Ackerson also was hired in response to the Cornerstone Plan, and she spent 60 percent of her time working with the plan’s steering committee and work groups. Another 30 percent was devoted to communicating the strategic plan, which included developing costs and funding sources. As with Thompson, the remaining 10 percent of her time was for other duties as assigned.

Ackerson’s job description said that a doctoral degree was preferred, a master’s degree was required, and considerable management experience (three or more years) in a large organization or project was desired. Thompson’s position also required a master’s degree, but a bachelor’s with significant relevant experience could be considered instead. Thompson’s position also asked for three to five years of administrative experience in higher education. Thus, a reasonable jury could find that Ackerson’s job required skill equal to Thompson’s, if not more. And there is no evidence of any difference in the effort required by the two positions.

Moreover, Thompson reported directly to a Provost, who reported to the President. Ackerson reported to a Senior Vice Provost, who reported to the President. Thus, both Thompson and Ackerson were insulated from the President by one layer. A reasonable jury could find that they exerted equal amounts of responsibility.

Title VII

For the same reasons, Ackerson has presented a triable claim for sex discrimination based on wage disparity. In light of the similarities between Thompson’s and Ackerson’s roles, reasonable jurors could disagree about whether the one-off tasks that were part of Thompson’s “other duties as assigned” were sufficient justification for paying him more. The University’s awareness of Ackerson’s concerns, and its subsequent inaction, provide further evidence on which a reasonable jury could rely in finding for Ackerson on this claim.
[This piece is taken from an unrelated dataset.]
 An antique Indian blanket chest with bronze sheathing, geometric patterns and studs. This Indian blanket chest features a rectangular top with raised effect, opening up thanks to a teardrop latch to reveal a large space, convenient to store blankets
The University is entitled to summary judgment as to retaliation.

Neither Ackerson’s move to the cubicle nor her loss of a personal printer are materially adverse actions against her. Ackerson was able to get another printer from her IT department. And while an office transfer might be considered an adverse action in some contexts, the facts in this case do not support that conclusion. Multiple individuals were being moved between offices to address space issues; no one was attempting to punish Ackerson for her illness. Even if either deprivation could be considered an adverse action, the University’s space issues provide a legitimate nondiscriminatory reason for its actions.

The University’s initial failure to provide Ackerson with a change in title and pay raise also do not constitute adverse actions. The University had no open position to which Ackerson applied, and Ackerson wasn’t entitled to the creation of one. Moreover, Ackerson ultimately did receive a pay raise and promotion.

Finally, assuming that Ackerson’s retaliation claim could rest on the non-renewal of her contract, the University has presented a legitimate reason for non-renewal: Her work with the Plan was ending. In fact, when Ackerson discussed the new Assistant Vice Provost position with Adams, they contemplated it ending in December 2017 – precisely when Ackerson’s position actually expired. In addition, the University was preparing for a transition to a new president and understandably did not want to tie itself to a mast of the outgoing president’s choosing. Finally, it is undisputed that Ackerson’s work load was wrapping up. The University had no duty to create more work in order to keep her employed.

Motion for summary judgment granted in part and denied in part.

Ackerson v. Rector and Visitors of the Univ. of Va., Case No. 3:17cv11, June 27, 2018. WDVA at Charlottesville (Moon). VLW No. 018-3-268, 26 pp.